REQUIRED WORK =
Among the lines below, copy exactly those from the one with "molecular formula C18H20ClN3O2" through the one with "ZPSCXQ 5Pcs Bear", counting both ends.
** DATASET RECORDS follows **
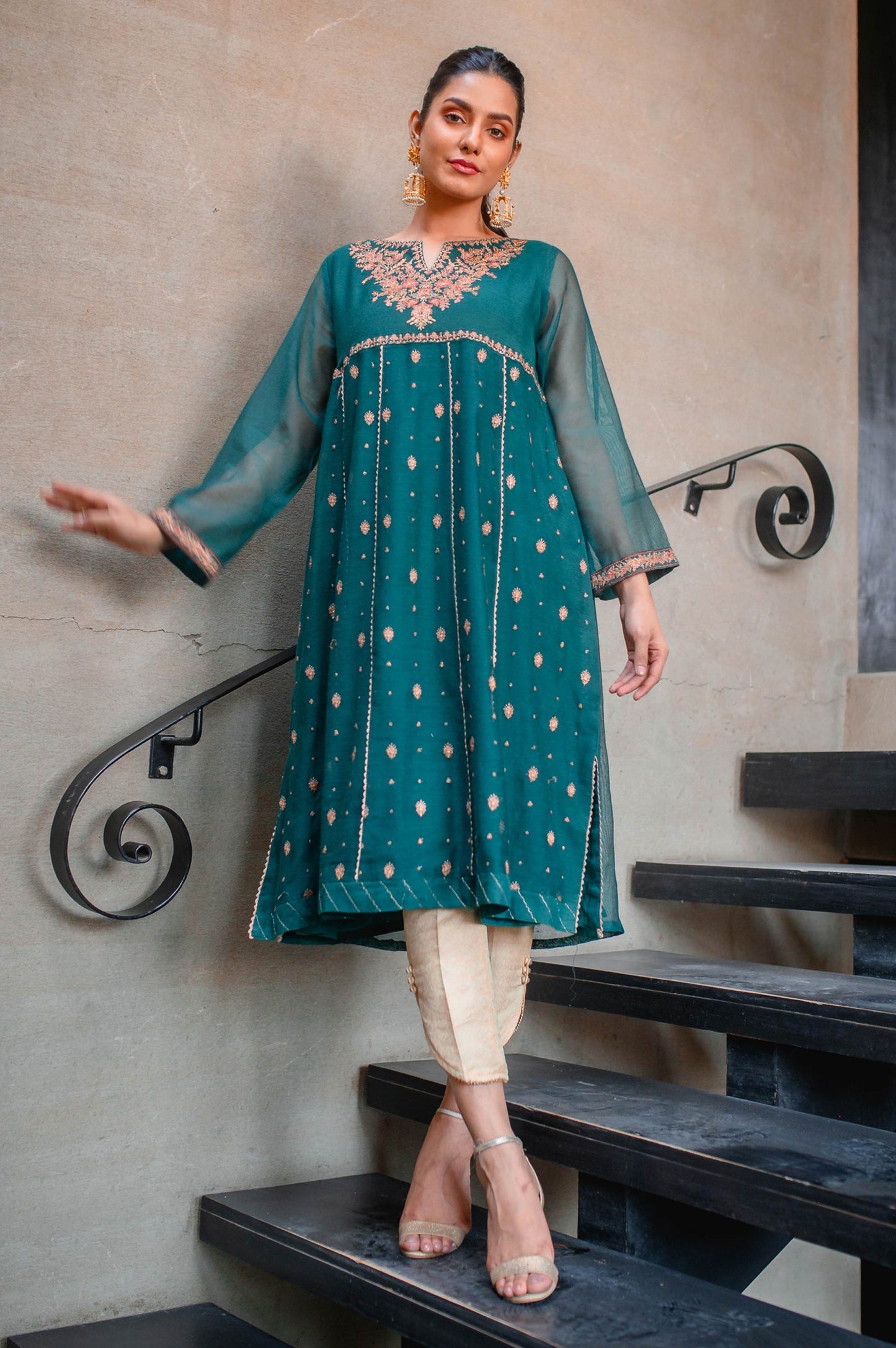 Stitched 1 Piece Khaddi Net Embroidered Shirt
** End of DATASET RECORDS **
** DATASET RECORDS follows **
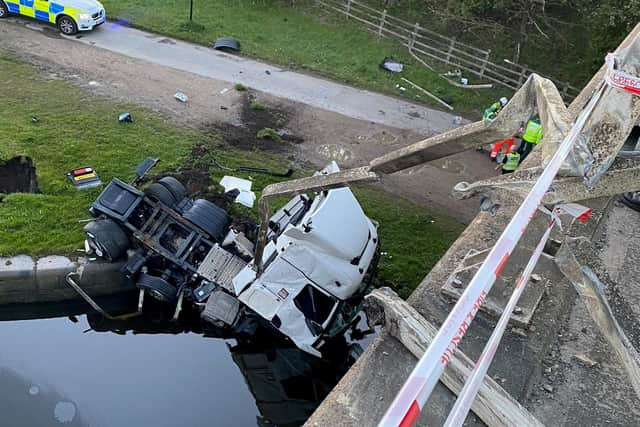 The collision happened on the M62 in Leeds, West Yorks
** End of DATASET RECORDS **
** DATASET RECORDS follows **
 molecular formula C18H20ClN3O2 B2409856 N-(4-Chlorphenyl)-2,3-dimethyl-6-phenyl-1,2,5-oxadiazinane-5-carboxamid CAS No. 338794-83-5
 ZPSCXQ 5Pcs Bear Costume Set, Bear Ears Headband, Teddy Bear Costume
** End of DATASET RECORDS **
EXPECTED ANSWER =
 molecular formula C18H20ClN3O2 B2409856 N-(4-Chlorphenyl)-2,3-dimethyl-6-phenyl-1,2,5-oxadiazinane-5-carboxamid CAS No. 338794-83-5
 ZPSCXQ 5Pcs Bear Costume Set, Bear Ears Headband, Teddy Bear Costume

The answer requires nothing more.